## What is expected:
Write out the listing from the line with "The Vitamin Shoppe, Grape" to the line with "Seasonal Tabletop Ornament", both lines included, exactly and nothing beyond. Leave pictures out.

## Dataset entries:
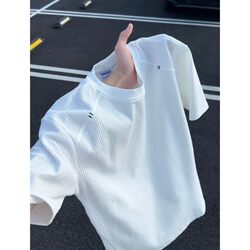 Dopamine Embroidered Waffle Knit Regular Shoulder Short-Sleeve Men's Summer Cool Sun-Protective Quick-Dry T-Shirt Outdoor Sports Cycling Wear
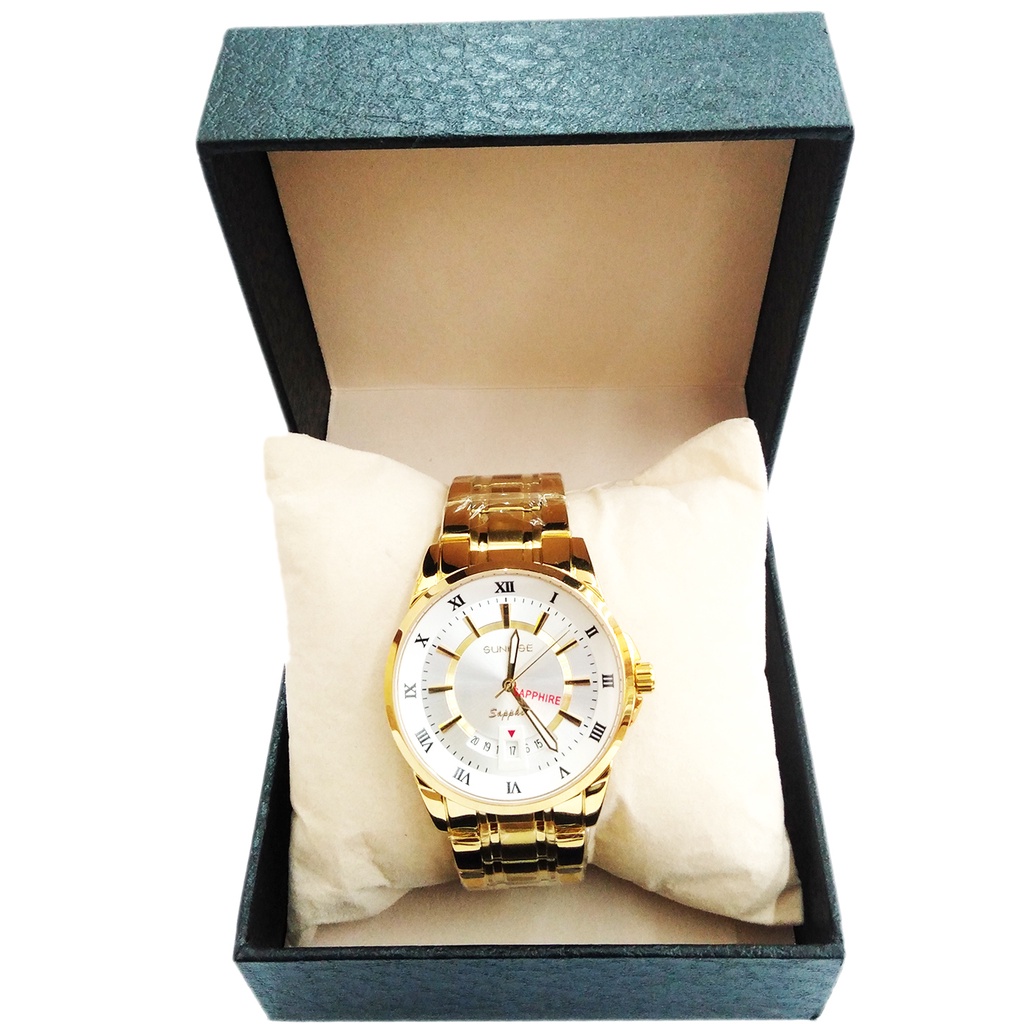 [Tặng ví da nam] Đồng hồ Sunrise nam SR26 NAMT màu vàng, mặt trắng, thiết kế sang trọng, bảo hành 12 tháng | BigBuy360 - bigbuy360.vn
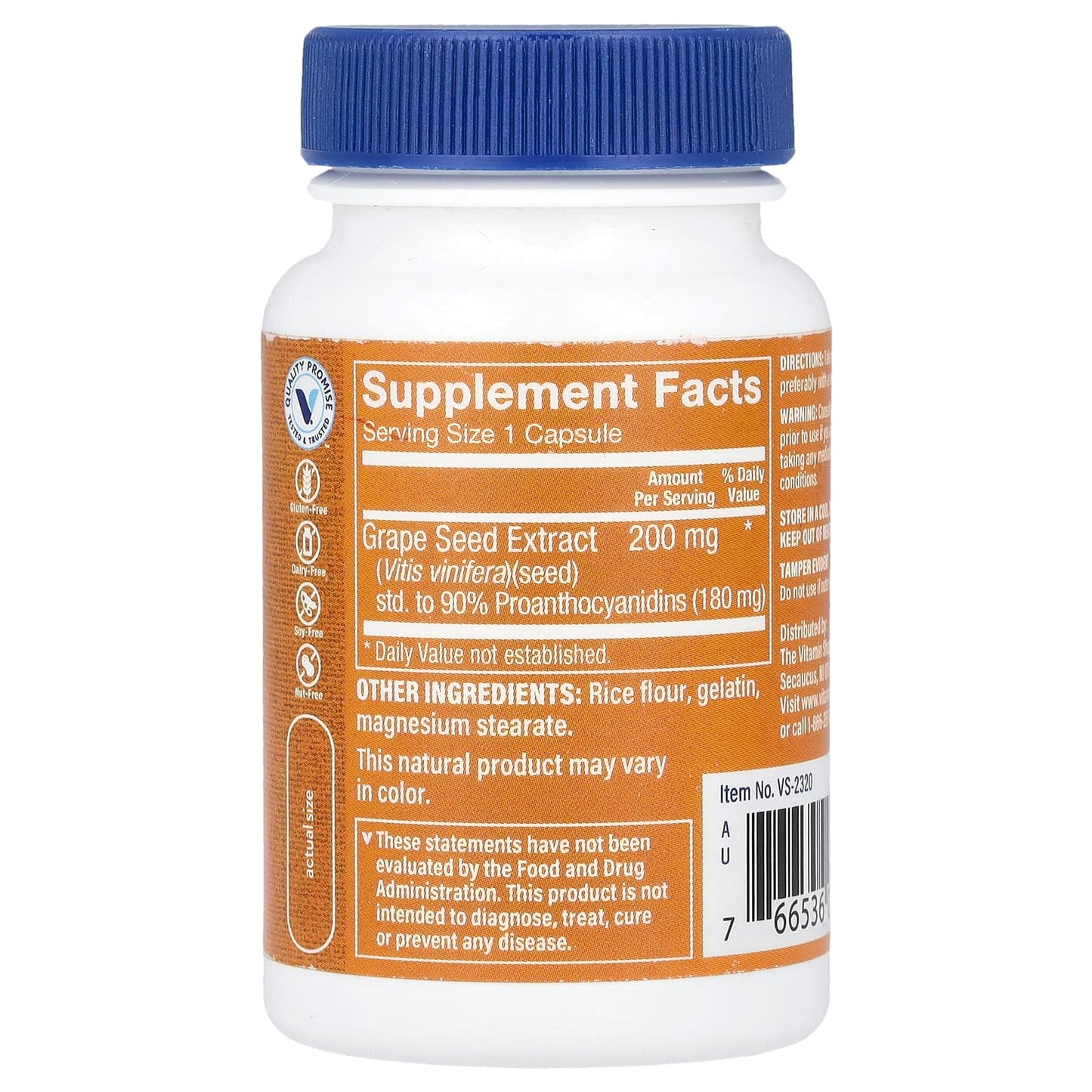 The Vitamin Shoppe, Grape Seed Extract, 200 mg, 60 Capsules - Image 2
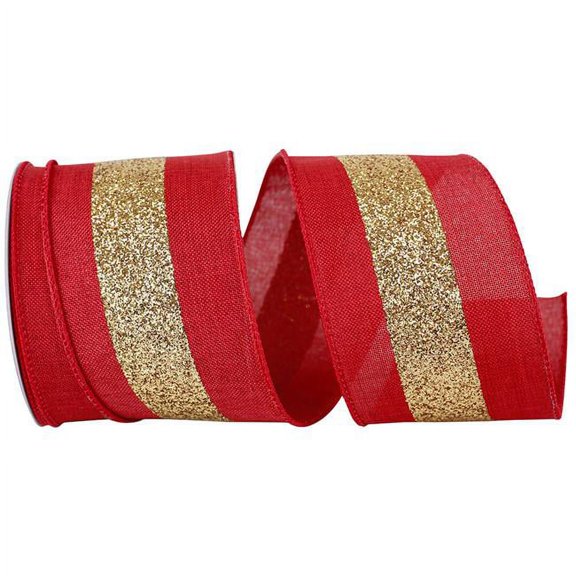 Reliant Ribbon - 93729W-994-40F, Ribbon, Red/gold, 2-1/2 Inch, 10 Yards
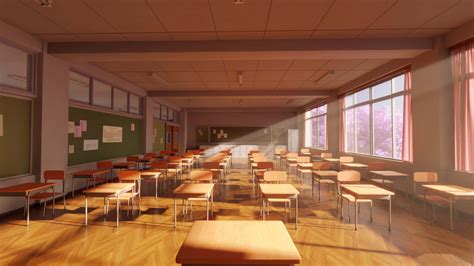 Download A Classroom With Desks And Chairs | Wallpapers.com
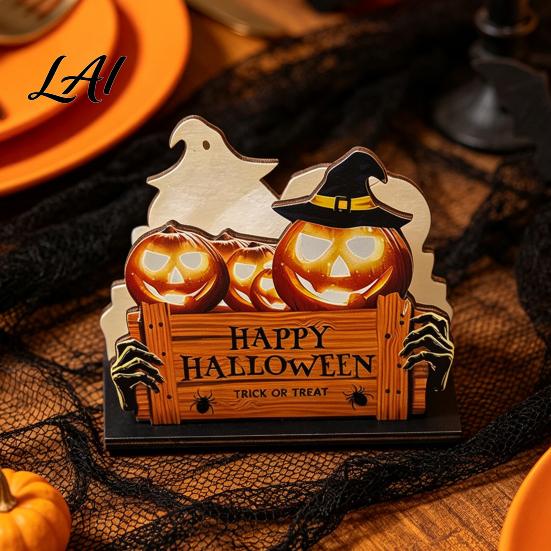 Seasonal Tabletop Ornament Halloween Wooden Napkin Holder Ghost Pumpkin Decorative Tissue Dispenser Kitchen Dining Storage Paper Organizer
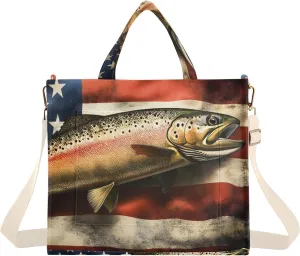 Corduroy Tote Bag Trout America for Women Large Shoulder Bag with Pockets for Beach Work Travel Shopping S
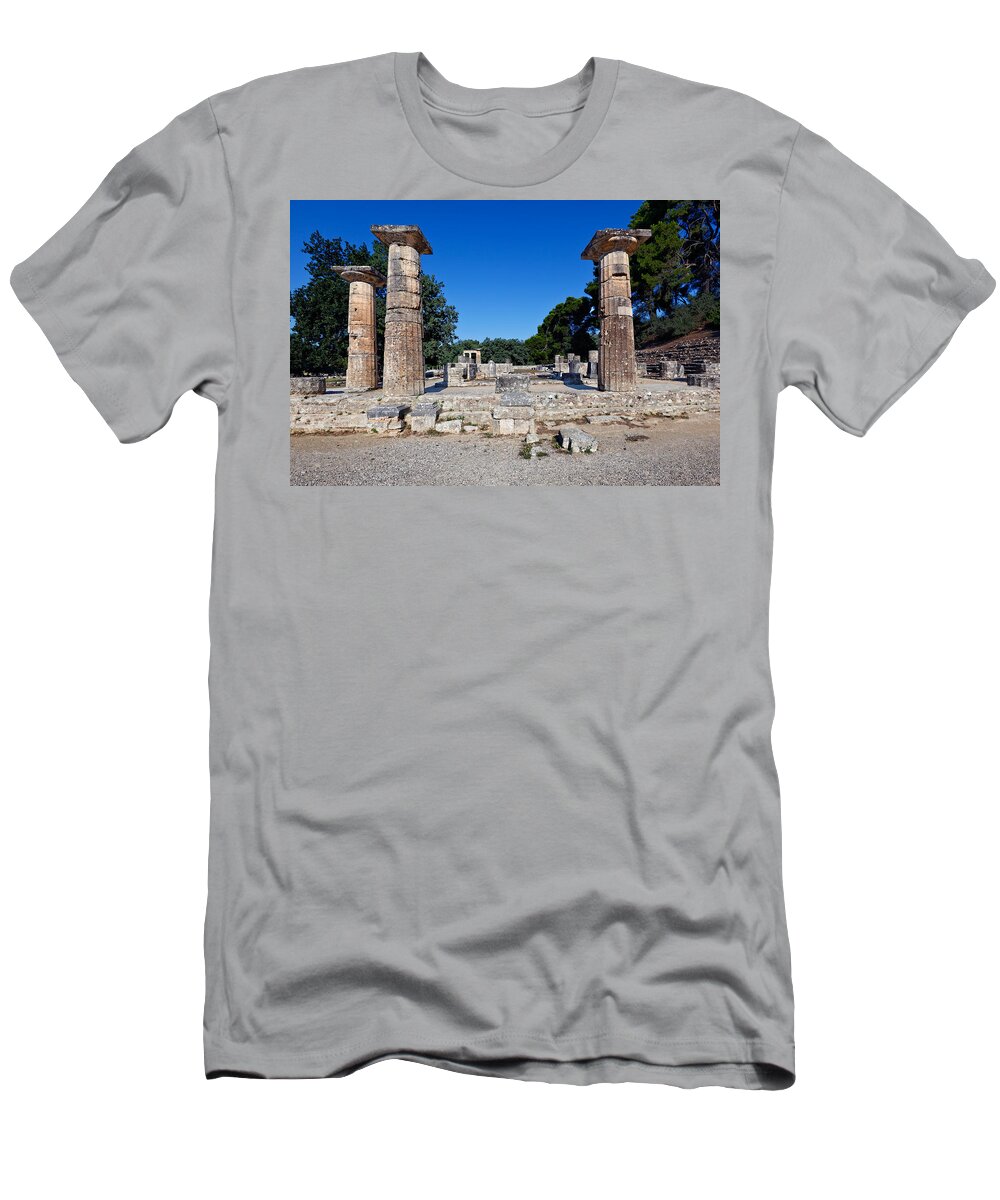 Ancient T-Shirt featuring the photograph Temple of Hera - Ancient Olympia by Constantinos Iliopoulos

## Solution for this exercise:
 The Vitamin Shoppe, Grape Seed Extract, 200 mg, 60 Capsules - Image 2
 Reliant Ribbon - 93729W-994-40F, Ribbon, Red/gold, 2-1/2 Inch, 10 Yards
 Download A Classroom With Desks And Chairs | Wallpapers.com
 Seasonal Tabletop Ornament Halloween Wooden Napkin Holder Ghost Pumpkin Decorative Tissue Dispenser Kitchen Dining Storage Paper Organizer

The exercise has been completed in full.